An efficient selection platform enables discovery of novel lysine targeting covalent inhibitors

In a study published in Angewandte Chemie International Edition, the researchers integrated activity-based protein profiling (ABPP) data with covalent DNA-encoding chemical library (Codel) technology to identify structurally novel lysine target covalent inhibitors with diverse mechanisms of action.

The team is led by Lu Xiaojie of the Shanghai Institute of Materials and Media, China Academy of Sciences, and is working with Zhou Lu and Sun Yi of Fudan University at Zhejiang University School of Medicine.

Covalent drugs function by forming covalent bonds with specific amino acid residues, allowing for sustained regulation of target proteins. Compared to cysteine ​​intergating strategies, lysine acts as an alternative covalent binding site that avoids limitations on cysteine ​​rarity in the ligand binding pocket and broadens the landscape of drag agent targets. In recent years, structure-based drug design has accelerated the development of lysine targeted shared sharing inhibitors.

Codell technology is rapidly emerging as an important platform for the discovery of shared organisms. Lu Xiaojie’s team, together with collaborators, applied the technology to discover novel cysteine ​​target covalent covalent inhibitors of proteins and develop an integrated ABPP codel strategy to identify tyrosine target covalent inhibitors.

However, a systematic code cell selection platform specifically designed for lysine target inhibitors has not yet been established. Furthermore, due to the wide distribution of lysine throughout the human proteome, random target selection is not efficient for screening.

By integrating the compound-based and warhead-based ABPP datasets, the researchers constructed protein datasets enriched for lysine residues that exhibit both high reactivity and ligand properties, thereby facilitating rational target selection for screening. Eight lysine targeting shared warheads were then incorporated with eight lysine targeting shared warheads with distinct reaction mechanisms for synthesizing codes containing 107 million compounds.

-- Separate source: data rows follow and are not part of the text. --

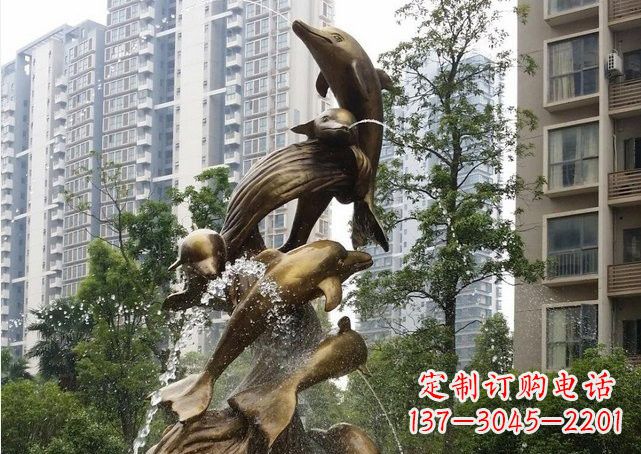 小区海豚喷泉铜雕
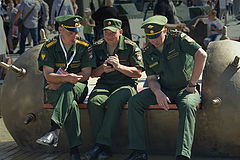 photo "While the people study technics."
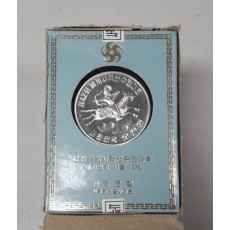 42회 세계사격선수권대회 은화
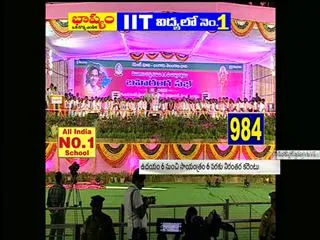 We Stands on our words: KCR - Sakshi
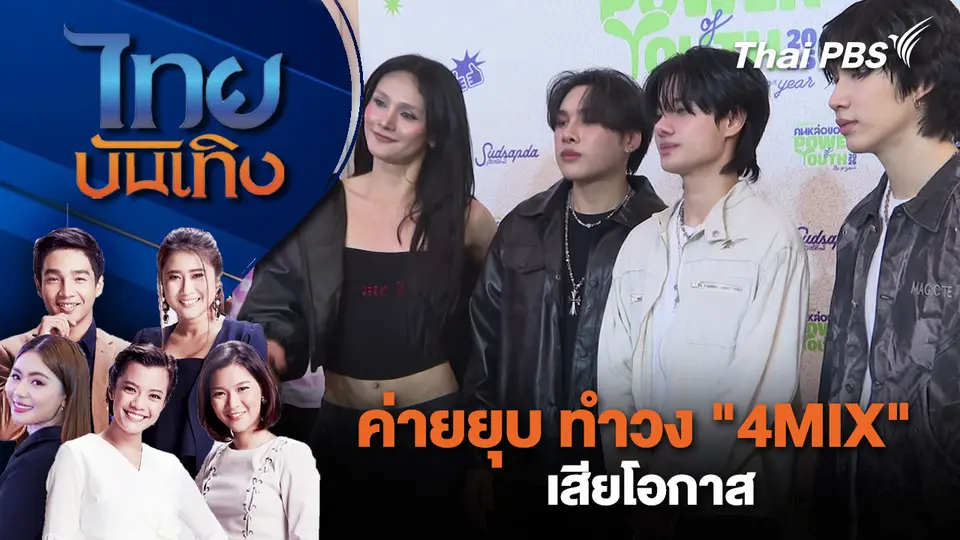 ค่ายยุบ ทำวง "4MIX" เสียโอกาส | ไทยบันเทิง | 9 เม.ย. 69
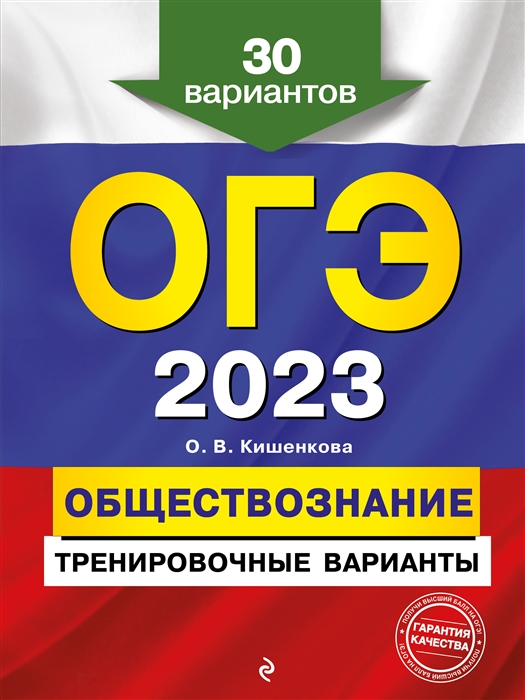 фото Огэ-2023. обществознание. тренировочные варианты. 30 вариантов эксмо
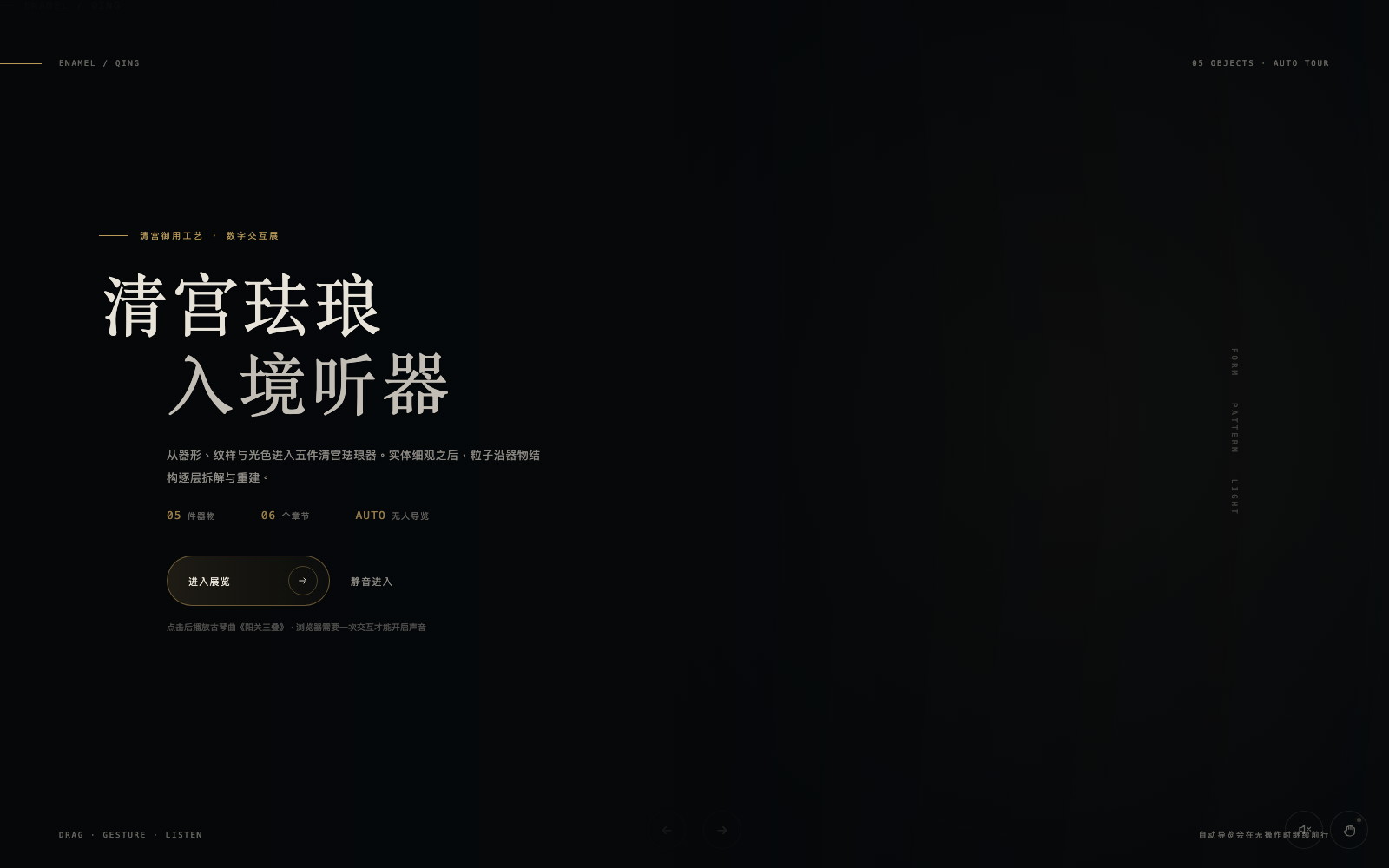 清宫珐琅 · 入境听器 预览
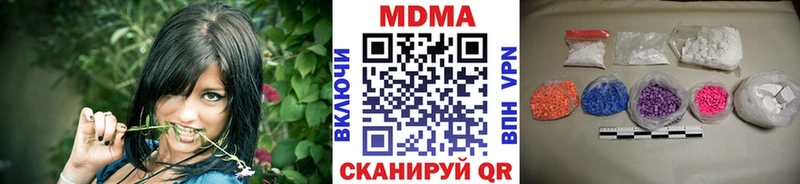 МДМА Molly  Георгиевск 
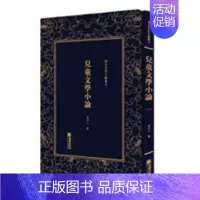 [正版]儿童文学小论 周作人 中国古代随笔 书籍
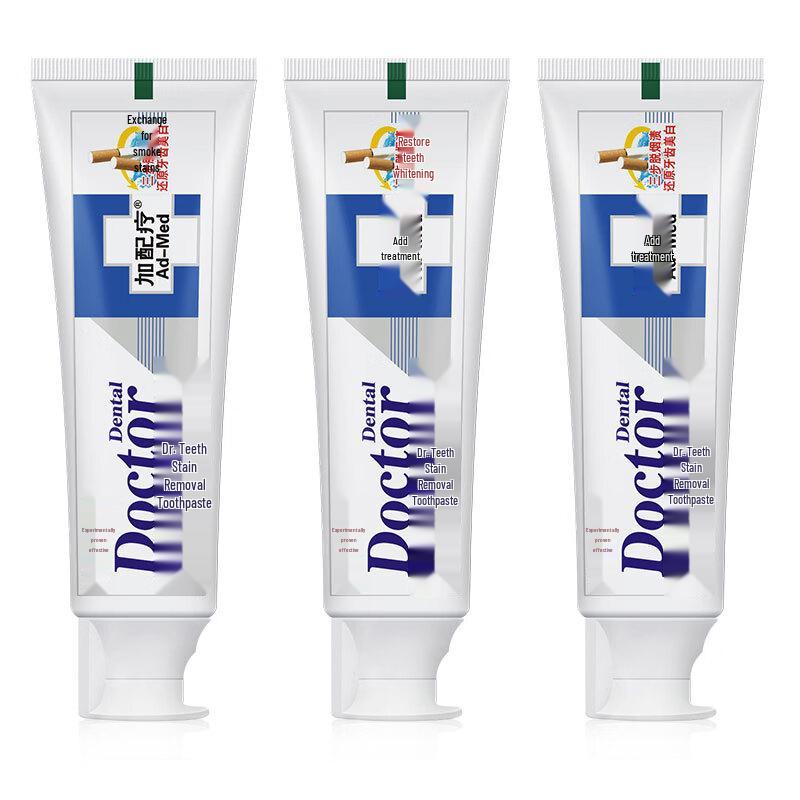Dr. Tooth Smoke Stain Removal Whitening Toothpaste
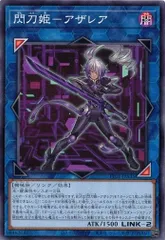 【美品】閃刀姫 赤シク まとめ売り レイ ロゼ アザレア アザレアテンペランス 51Va+KySsML._UF350,350_QL50_.jpg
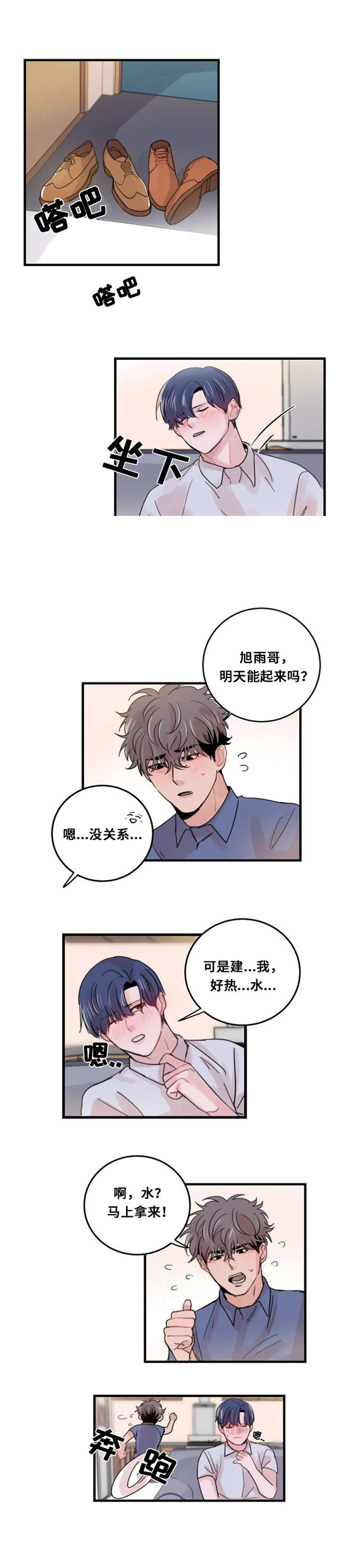 《尽你所愿》漫画最新章节第32话免费下拉式在线观看章节第【27】张图片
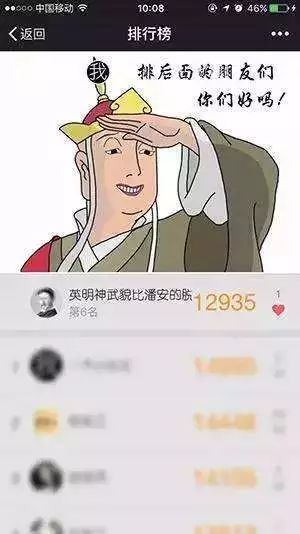 微信运动排行榜出炉了!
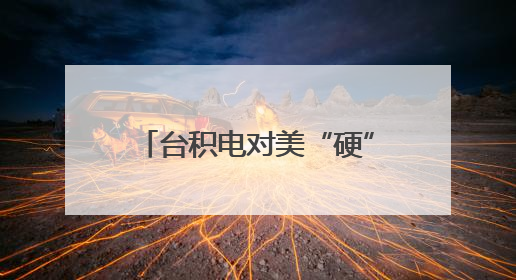 台积电对美“硬”起来了？岛内舆论把目光看向了赖清德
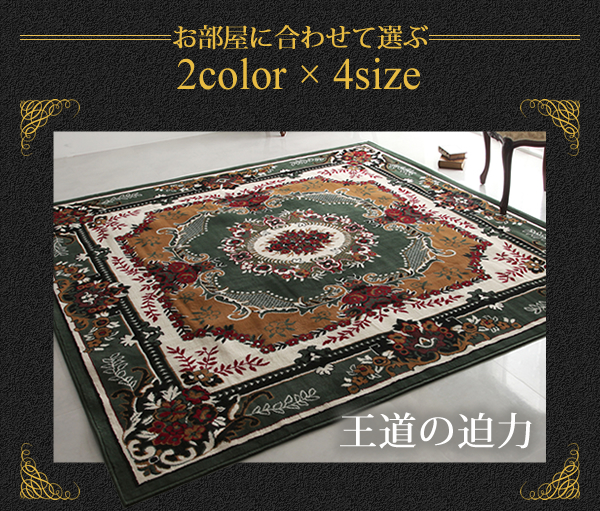 160×230] 華やかに格調高く ベルギー製ウィルトン織りクラシック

Covalent selection identified lysine target covalent inhibitors for phosphoglycerate mutase 1 (PGAM1), bromodomain (BRD) family proteins, and lysine target covalent inhibitors for the ubiquitin-conjugated enzyme E2N (UBE2N).

Among them, compound 1 served as a light-covalent probe for the active site of PGAM1, and compound 4 formed a reversible covalent bond with previously unopened sites within the bromodomain of the BRD family protein.

In particular, compound 9 irreversibly bound to UBE2N induces conformational changes in the UBE2N/UBE2V2 complex, disrupting the formation of polyubiquitin chains and impairs its downstream functional activity. This new mechanism provided a new strategy to regulate the ubiquitination pathway.

This study establishes an efficient platform for selecting covalent inhibitors targeting lysine by integrating proteome data and coding technology. This strategy not only expands the applicability of covalent organisms in target selection, but also provides technical support for the rational design of covalent inhibitors.